In 2021, state Sen. Doug Mastriano (R., Franklin) introduced a bill that would have allowed any registered voter in the state to watch polls in any county. The bill also proposed that poll watchers be allowed within six feet of ballot-counting operations — another one of Trump’s goals — and went further. Mastriano proposed increased penalties for officials who were convicted of refusing to admit poll watchers; his bill would have allowed them to be sentenced to up to two years in prison, plus a $5,000 penalty.

The bill passed the state legislature, both chambers of which were led by Republican majorities at the time, but was vetoed by then-Gov. Tom Wolf, a Democrat.

Currently, there are no bills in the Pennsylvania legislature that would allow registered voters to serve as poll watchers for any county. There are, however, GOP-sponsored bills in both chambers that propose increasing penalties for impeding poll watchers. Neither has passed out of committee.

The misinformation about poll watching since 2020 has affected election directors’ jobs in various ways. While some say they haven’t had many issues with poll watchers, others say they noticed a major spike in watchers who are hostile or are attempting to monitor polls without county approval.

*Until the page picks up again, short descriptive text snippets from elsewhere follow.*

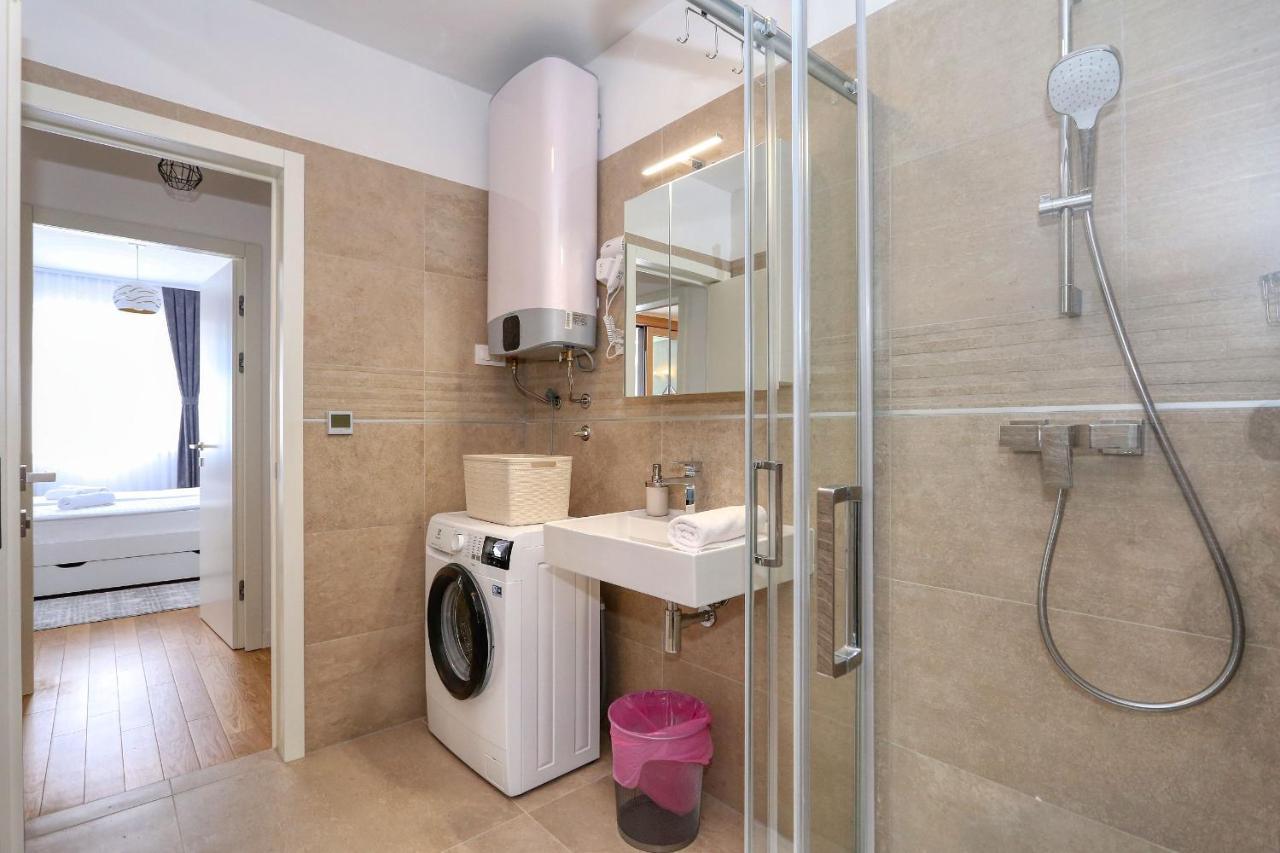 Apartments Luna With Free Parking Zadar Extérieur photo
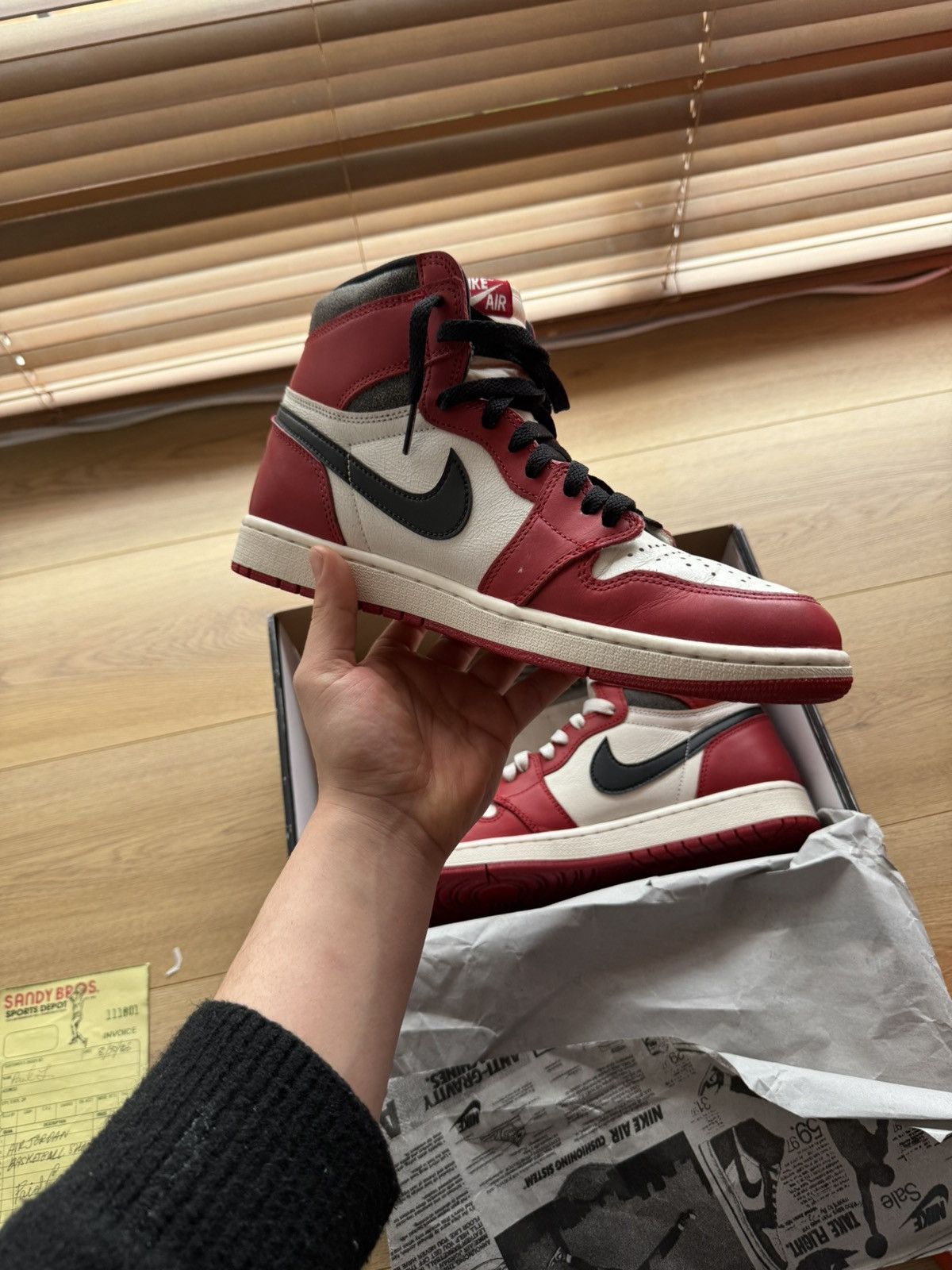 Nike Air Jordan 1 Retro High OG “Lost & Found” UK9.5 Size US 10.5 / EU 43-44 - 8 Thumbnail
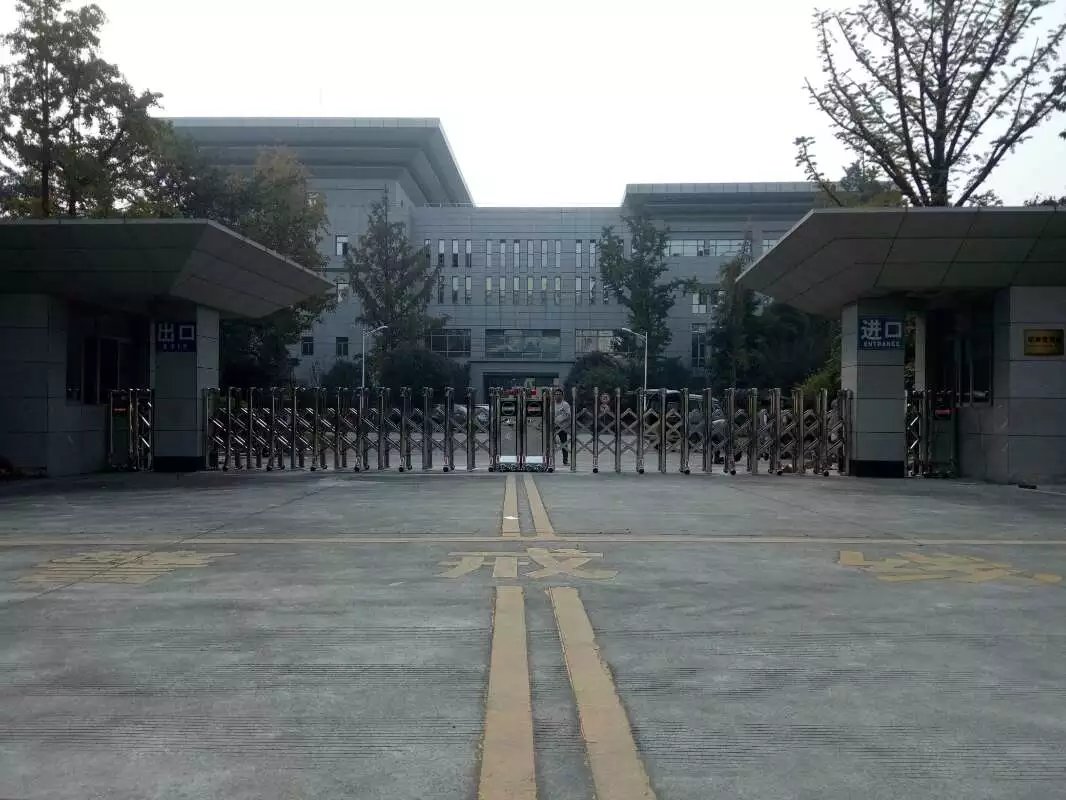 旺苍县旺苍县四川消防总队伸缩门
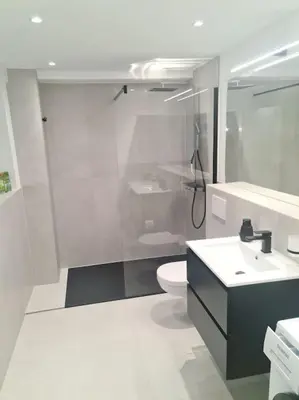 Ein Badezimmer in der Unterkunft Kernsan. Souterrain-Wohnung 60qm mit Pool Blick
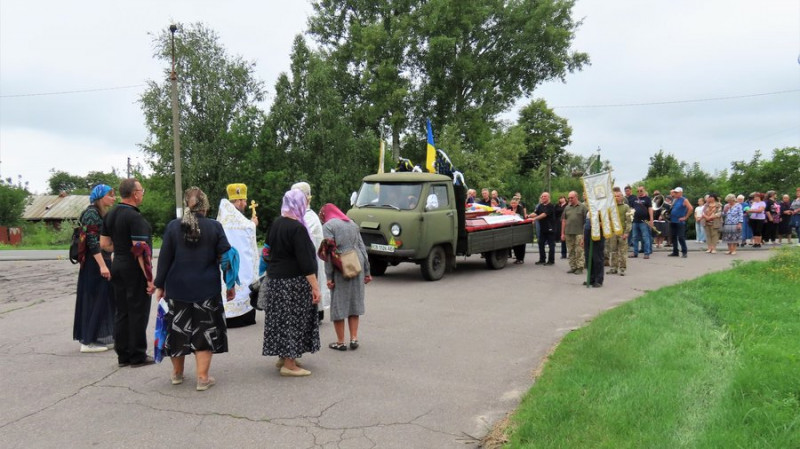 У Ріпкинській громаді на Чернігівщині попрощалися із захисником Володимиром Позняком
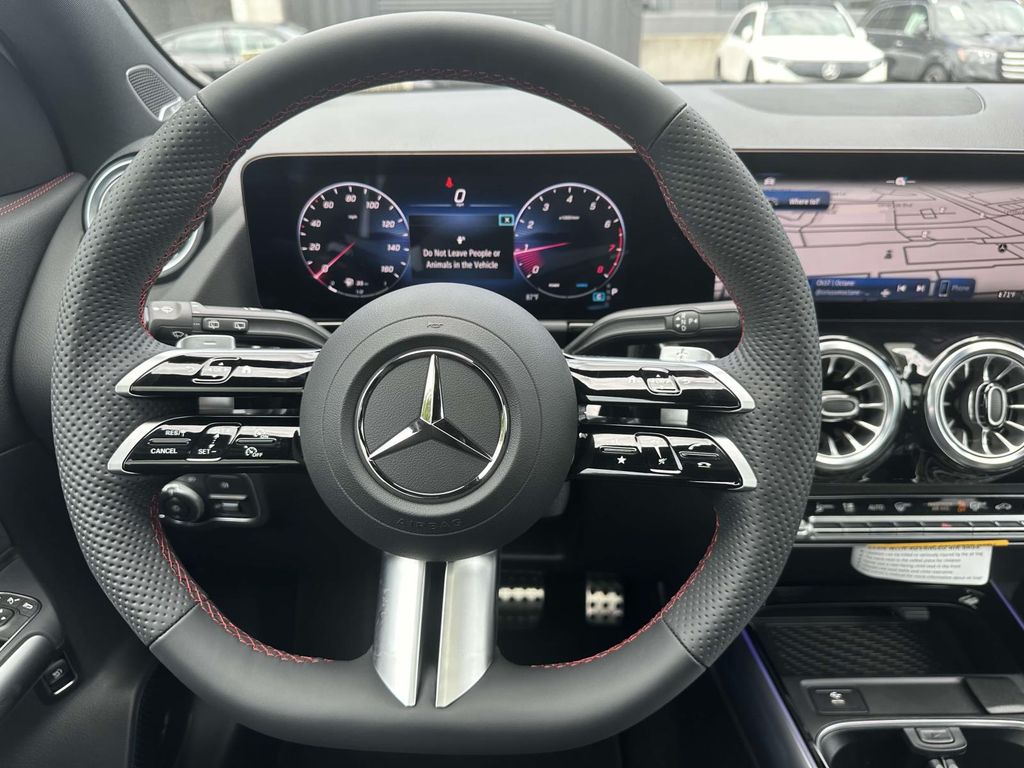 2025 Mercedes-Benz GLA 250 4MATIC 12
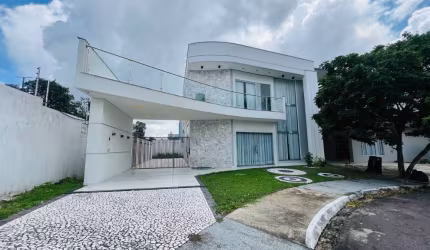 Aluga-se duplex com 4 suítes sendo 1 suíte master na ponta negra
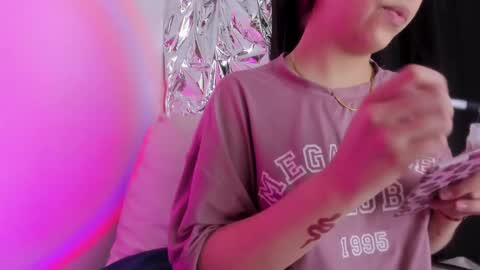 Queen B online show from 10/03/25, 05:21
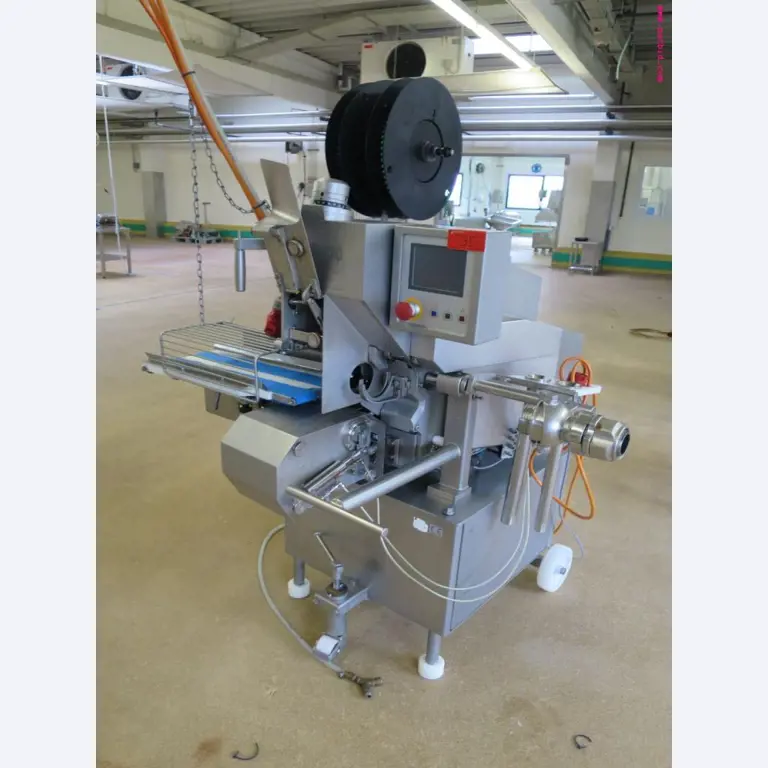 Máquinas de transformação de carnes e equipamento operacional e de escritório-5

Lehman says that the impacts of the misinformation and confusion surrounding 2020 were most obvious during the 2022 statewide election.

“Before 2022, I only had to go out once or twice to a precinct ever to negotiate a difference of opinion between a poll watcher and a poll worker,” said Lehman. “Suddenly, I had to go to 10 to 12.”

Lehman thinks the crux of the issue was misinformation — poll watchers didn’t always know what they were and weren’t able to do, which resulted in conflicts between watchers and the poll workers running the precincts.

Jeff Greenburg, an election administration advisor at the good-government group Committee of Seventy and former election director, hopes to help solve that issue. He runs information sessions for the organization that educate potential poll watchers about their role.

“I know that the landscape has changed significantly since 2020. But nothing has changed as when it comes to the laws and rules surrounding poll watchers in Pennsylvania,” Greenburg said. “That was something I never worried about as a director, but something I would strongly consider now.”

Some election directors go beyond education to make poll watchers trust the voting process. Mercer County election director Thad Hall assigns bipartisan teams of poll watchers in precincts, working with state parties and candidates to organize them. Hall says that while that practice is not required, he believes it increases confidence in the results.

The current and former election directors who spoke with Spotlight PA all say that they are hopeful about the upcoming election. They emphasize that poll watchers are an important part of the election process, and that their presence increases trust in election results.

“In 2022, we were really caught off guard by the adversarial stance. Since then we’ve clarified the rules and the policies substantially,” said Lehman, noting that his county now provides poll watcher training materials.

“They’re a legitimate part of the process, they have an important role to play in making sure the process is transparent,” he added. “But there are limitations on watchers’ conduct that they need to be aware of and respect.”